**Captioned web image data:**

::::

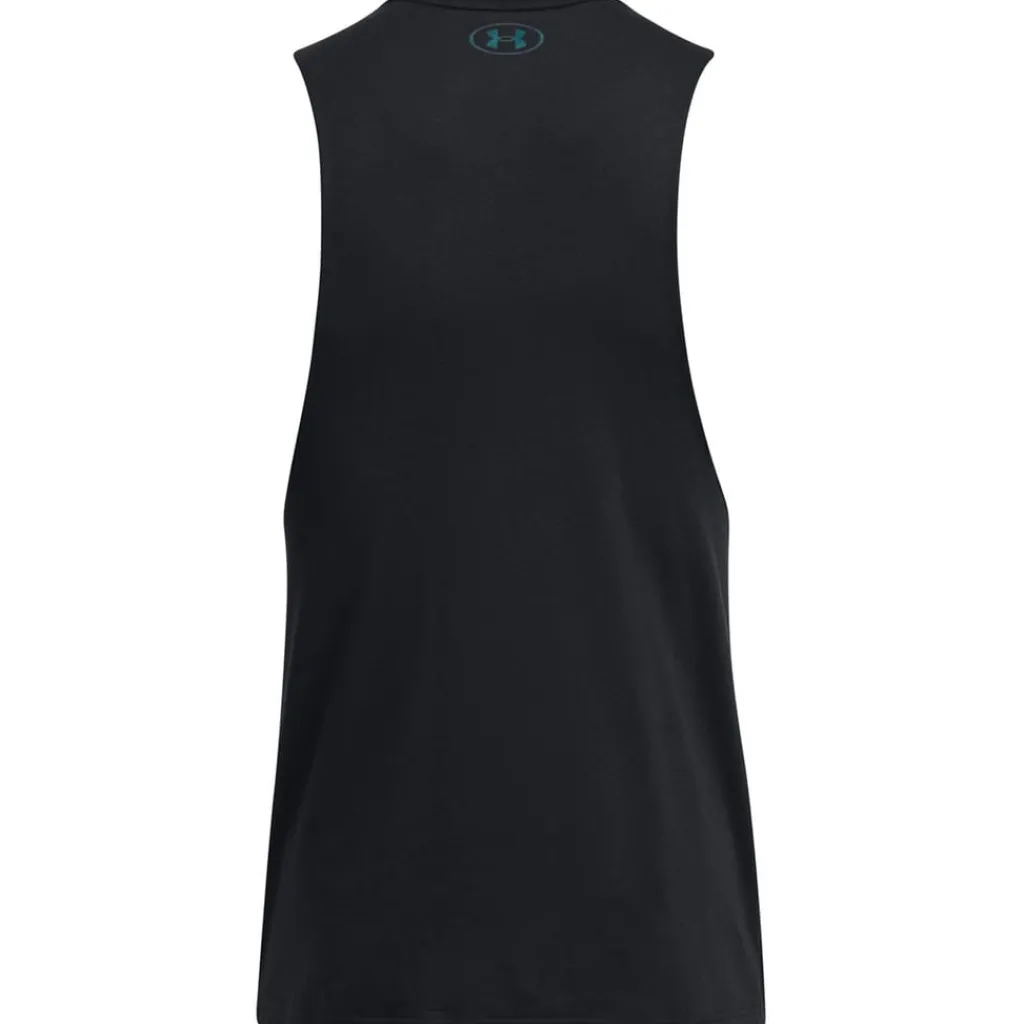 Fitness And Gymwear|Fitness And Gym Tops*Under Armour Mens Armour Ua Pjt Rck Bsr Payoff Tank Gym Top in Black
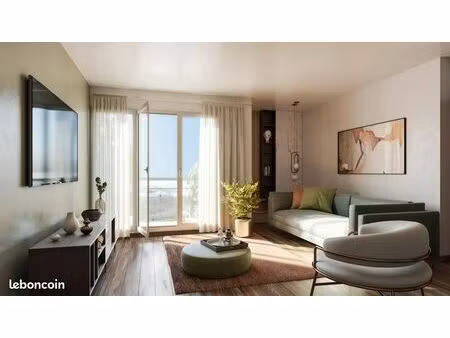 appartement - 2 pièces - pontoise à quelques pas des bords de l'oise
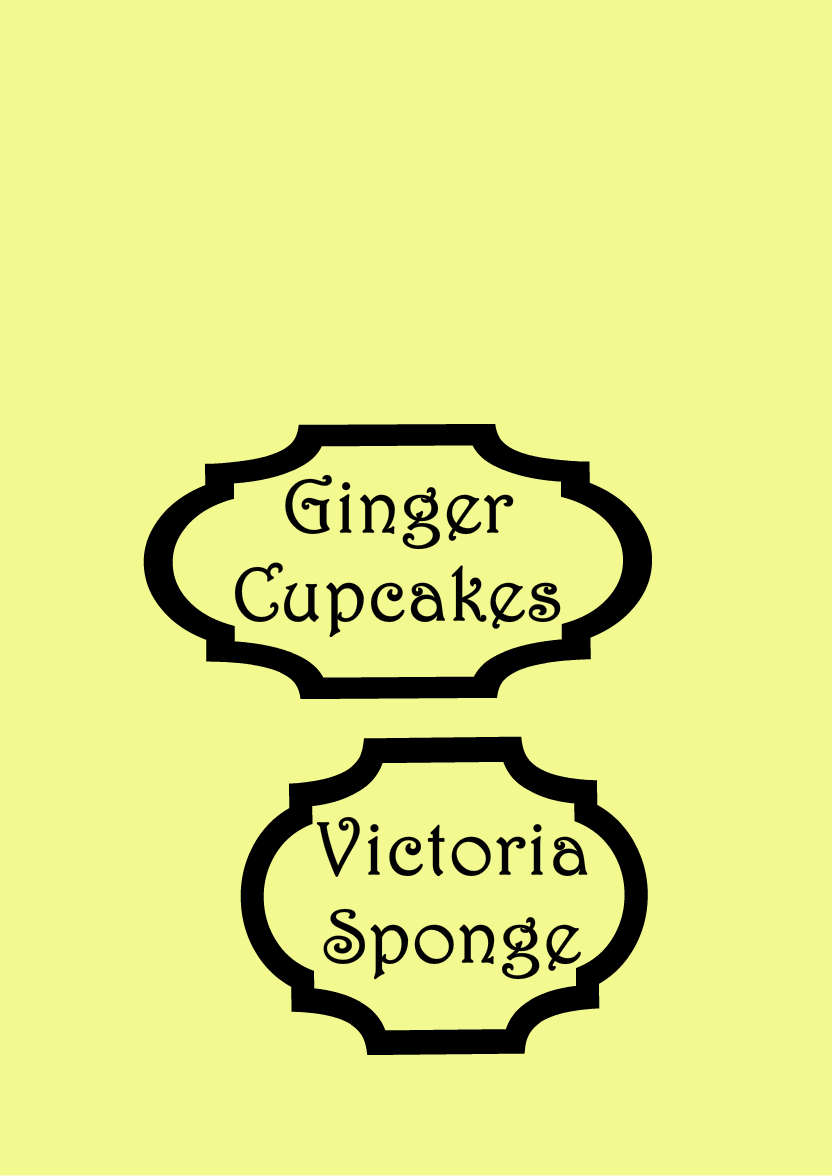 Yellow Plain Background - card made with Crafty Bob's Card Creator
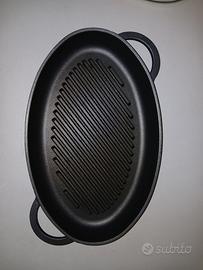 BISTECCHIERA BERNDES Ovale 38X24
e Coperchio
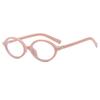Oval Shape Women'S Reading Glasses Frame Luxury Brand Vintage Retro Leopard Eyeglasses Men Anti Blue Light Presbyopia Eyewear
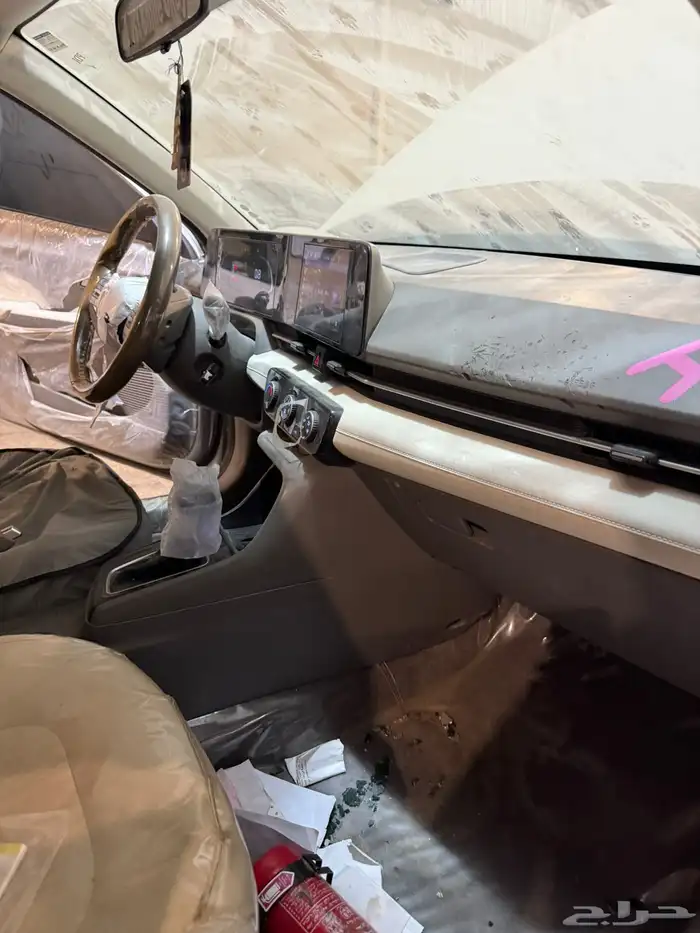 اكسنت 2024 ماشيه 64 بها حادث 2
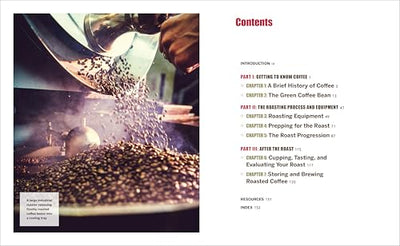 Coffee Roaster's Handbook: A How-To Guide for Home and Professional Roasters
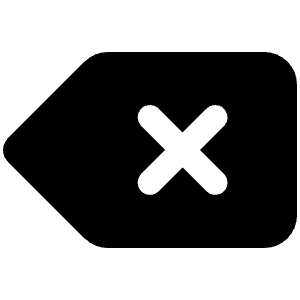 Delete Left Icon from Font Awesome Solid Set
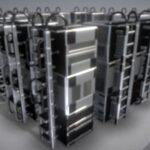 sci fi ladders animation 3d model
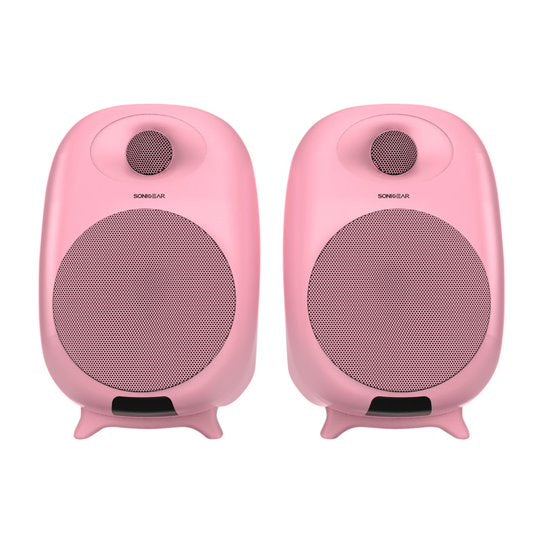 SonicGear StudioPod V-HD Bluetooth Speakers - Pink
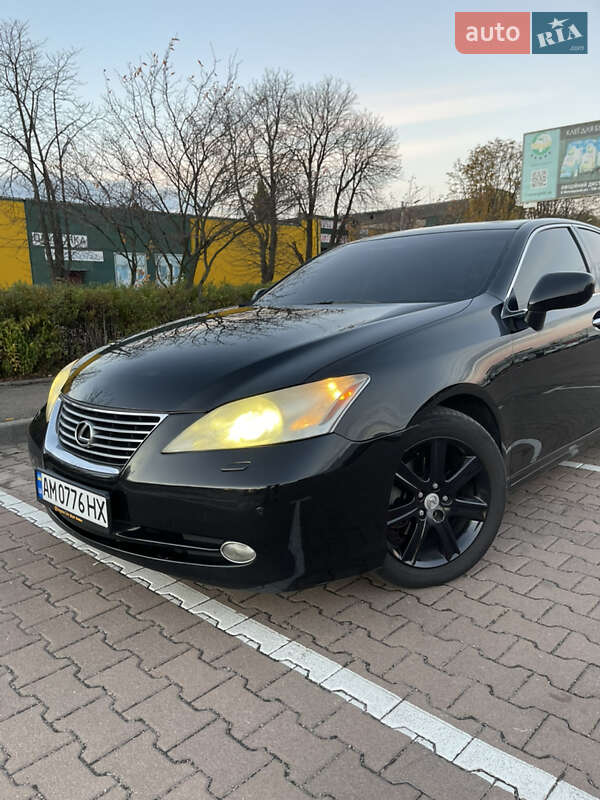 Седан Lexus ES 2007 в Житомире фото 20 Седан Lexus ES 2007 в Житомире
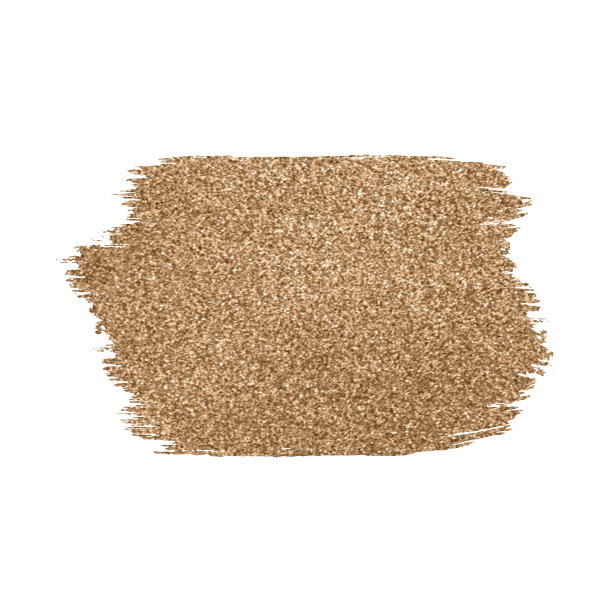 青铜金闪光斑。假日发光的笔触纹理隔离在白色背景。图片下载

::::

**DIRECTIONS:** A faithful copy of the records above is needed, with the pictures left out.

**SOLUTION TO THIS PROBLEM:**
 Fitness And Gymwear|Fitness And Gym Tops*Under Armour Mens Armour Ua Pjt Rck Bsr Payoff Tank Gym Top in Black
 appartement - 2 pièces - pontoise à quelques pas des bords de l'oise
 Yellow Plain Background - card made with Crafty Bob's Card Creator
 BISTECCHIERA BERNDES Ovale 38X24
e Coperchio
Oval Shape Women'S Reading Glasses Frame Luxury Brand Vintage Retro Leopard Eyeglasses Men Anti Blue Light Presbyopia Eyewear
 اكسنت 2024 ماشيه 64 بها حادث 2
 Coffee Roaster's Handbook: A How-To Guide for Home and Professional Roasters
 Delete Left Icon from Font Awesome Solid Set
 sci fi ladders animation 3d model
 SonicGear StudioPod V-HD Bluetooth Speakers - Pink
 Седан Lexus ES 2007 в Житомире фото 20 Седан Lexus ES 2007 в Житомире
 青铜金闪光斑。假日发光的笔触纹理隔离在白色背景。图片下载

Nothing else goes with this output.